Ecco una riflessione che Calvino scrive in Palomar, mentre il protagonista osserva il cielo stellato.
Questa osservazione delle stelle trasmette un sapere instabile e contraddittorio, – pensa Palomar, – tutto il contrario di quello che sapevano trarne gli antichi. Sarà perché il suo rapporto col cielo è intermittente e concitato, anziché una serena abitudine? Se lui si obbligasse a contemplare le costellazioni notte per notte e anno per anno, e a seguirne i corsi e i ricorsi lungo i curvi binari della volta oscura, forse alla fine conquisterebbe anche lui la nozione d’un tempo continuo e immutabile, separato dal tempo labile e frammentario degli accadimenti terrestri.

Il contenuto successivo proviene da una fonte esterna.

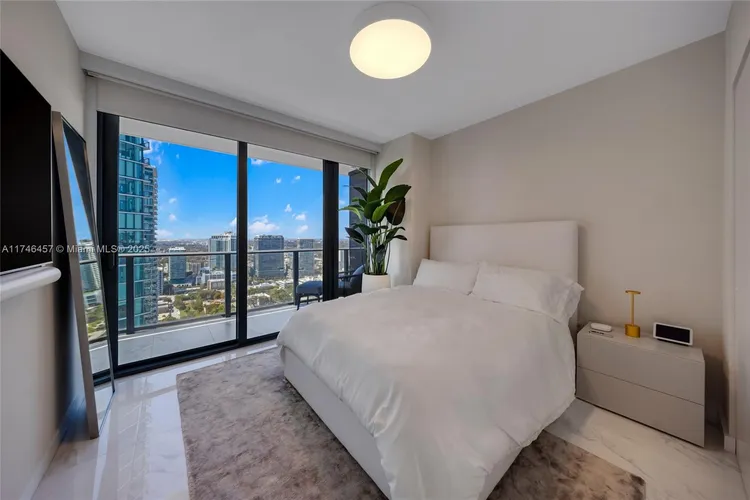 One Paraiso #3603 image #32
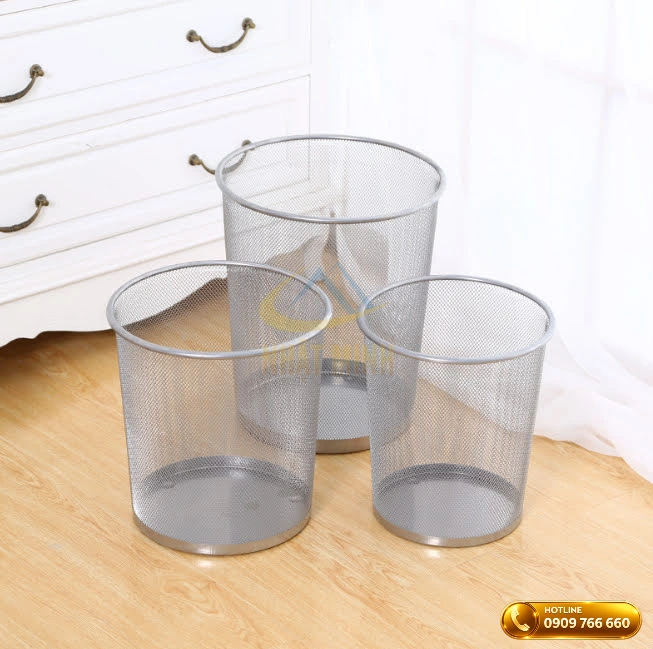 Thùng rác trong phòng lưới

Ma basterebbe l’attenzione alle rivoluzioni celesti a marcare in lui questa impronta? o non occorrerebbe soprattutto una rivoluzione interiore, quale egli può supporre solo in teoria, senza riuscirne a immaginare gli effetti sensibili sulle sue emozioni e sui ritmi della mente?
I. Calvino, Palomar
E non può essere anche questo uno tra gli innumerevoli fini della Natura? Suscitare in noi una rivoluzione interiore attraverso la sua contemplazione.